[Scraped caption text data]
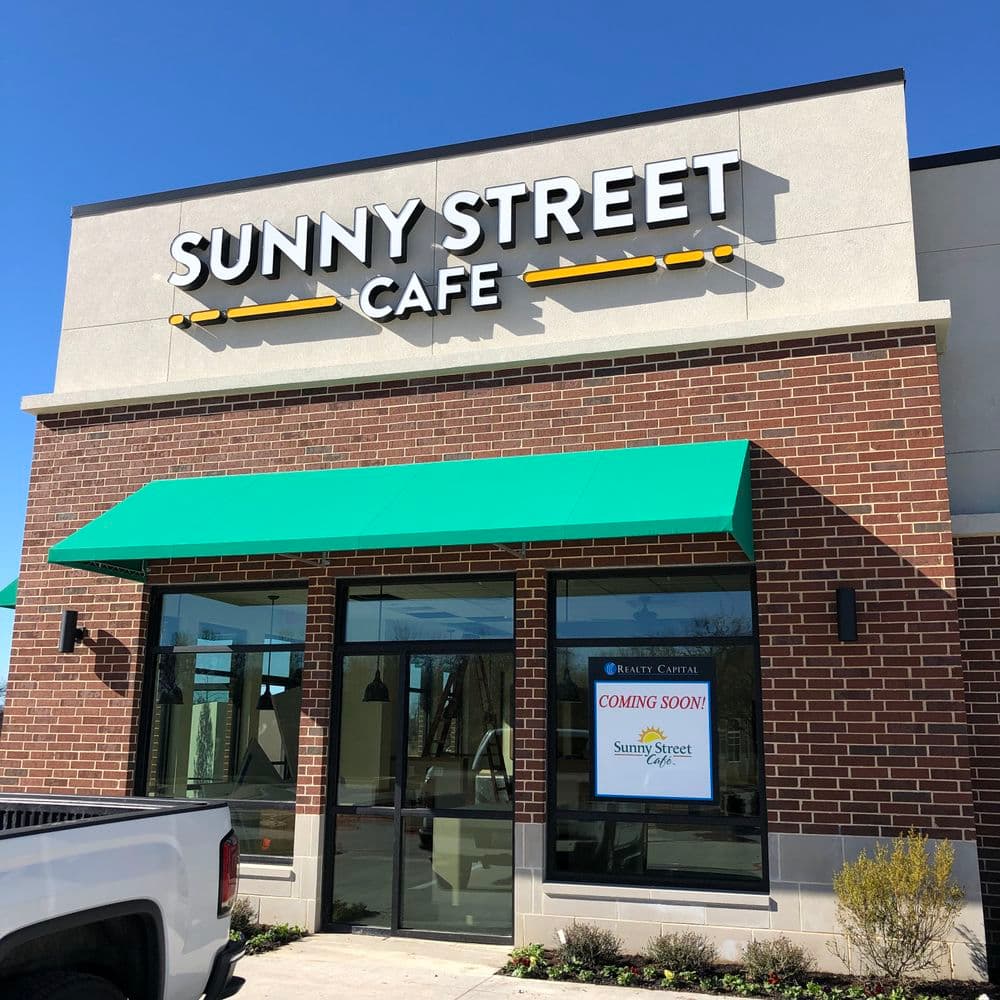 Sunny Street Cafe building exterior with green awning and "Coming Soon" sign.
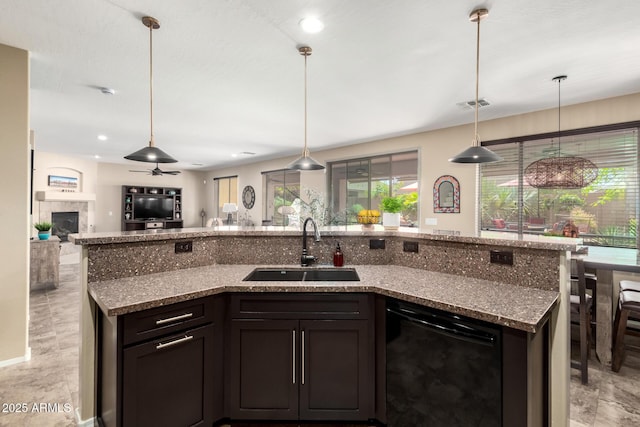 kitchen featuring a sink, visible vents, stone countertops, open floor plan, and dishwasher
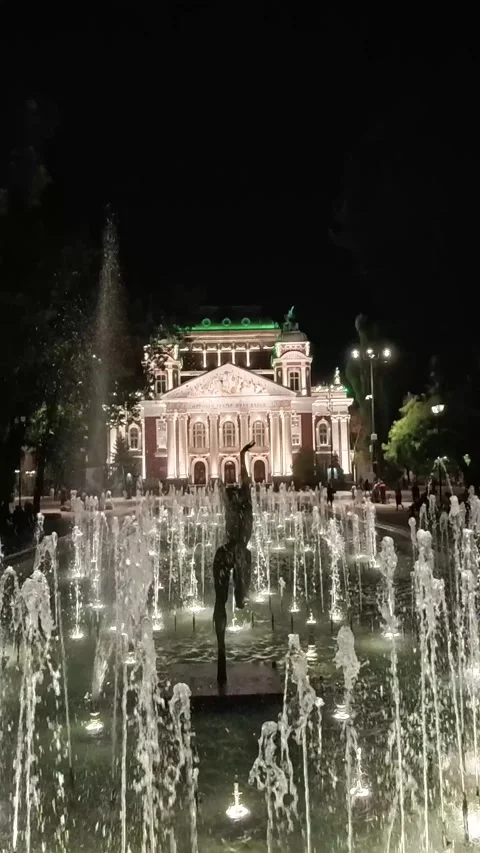 Sofia, Bulgaria - 9.20.2025. Night view of fountains in front of the Ivan Vazov Stock Footage 319560340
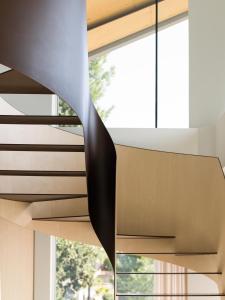 a spiral staircase in a house with a window at Criu Boutique Hotel in Nicolosi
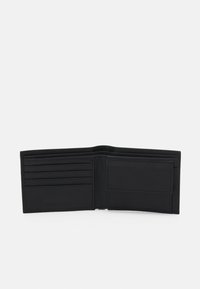 Black leather wallet, bi-fold design, featuring multiple card slots and a clear ID pocket, smooth texture, minimal branding on the front.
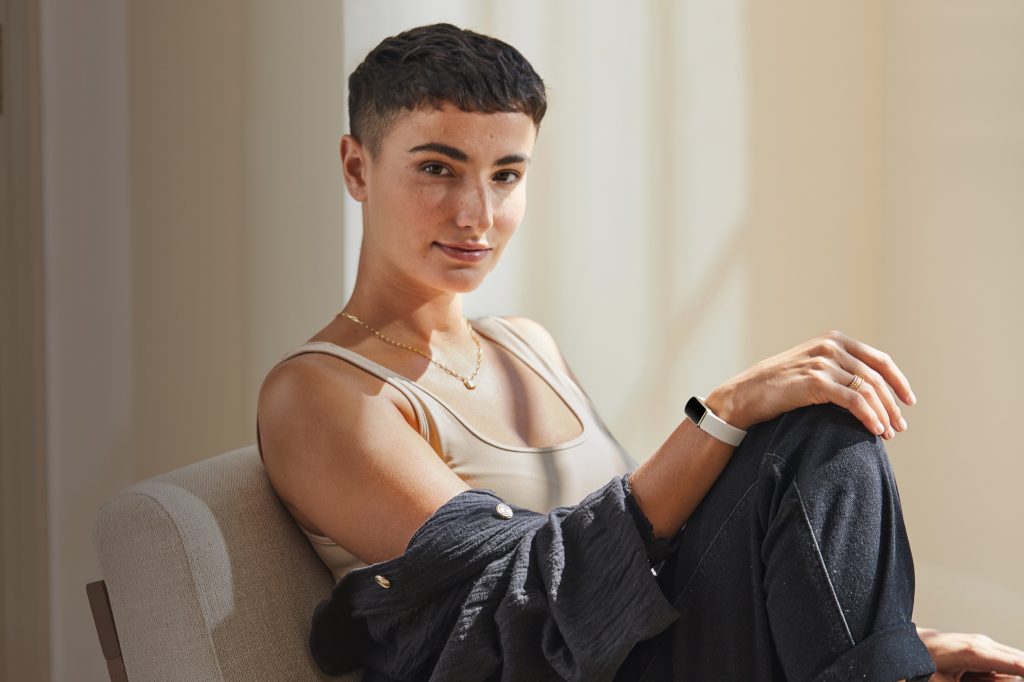 a short-haired brunette woman wearing the new Fitbit Luxe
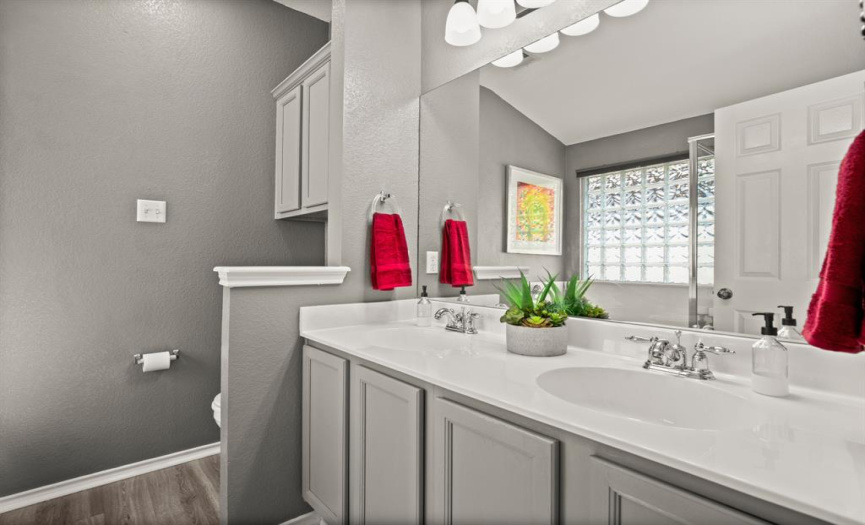 Enjoy your own private ensuite bathroom with a spacious dual vanity and vinyl plank flooring. 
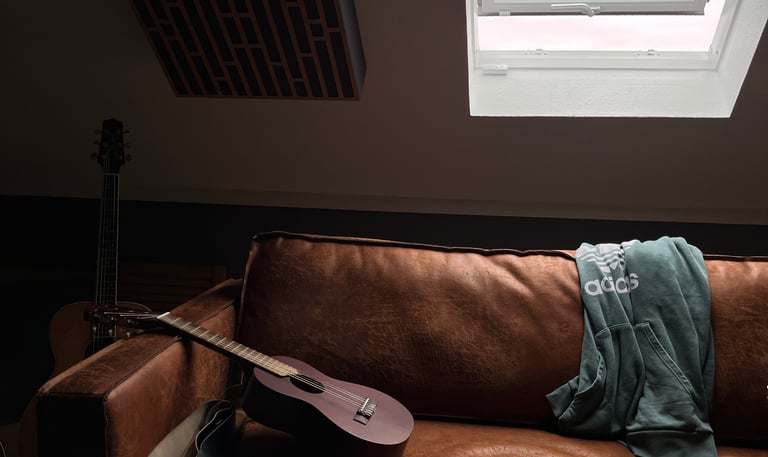Guitar resting on leather couch under roof window in studio room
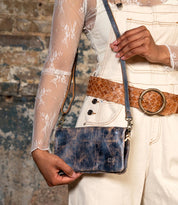 A person holds the Bed Stu Cadence distressed blue leather clutch against a textured brick wall, styled with a sheer lace top, cream overalls, and a brown woven belt.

[What you have to do] In the entries above, find the line containing "Sofia, Bulgaria - 9.20.2025.". Transcribe it and every later line to the end, exactly, and leave out the pictures.

[Answer to the exercise]
 Sofia, Bulgaria - 9.20.2025. Night view of fountains in front of the Ivan Vazov Stock Footage 319560340
 a spiral staircase in a house with a window at Criu Boutique Hotel in Nicolosi
 Black leather wallet, bi-fold design, featuring multiple card slots and a clear ID pocket, smooth texture, minimal branding on the front.
 a short-haired brunette woman wearing the new Fitbit Luxe
 Enjoy your own private ensuite bathroom with a spacious dual vanity and vinyl plank flooring. 
Guitar resting on leather couch under roof window in studio room
 A person holds the Bed Stu Cadence distressed blue leather clutch against a textured brick wall, styled with a sheer lace top, cream overalls, and a brown woven belt.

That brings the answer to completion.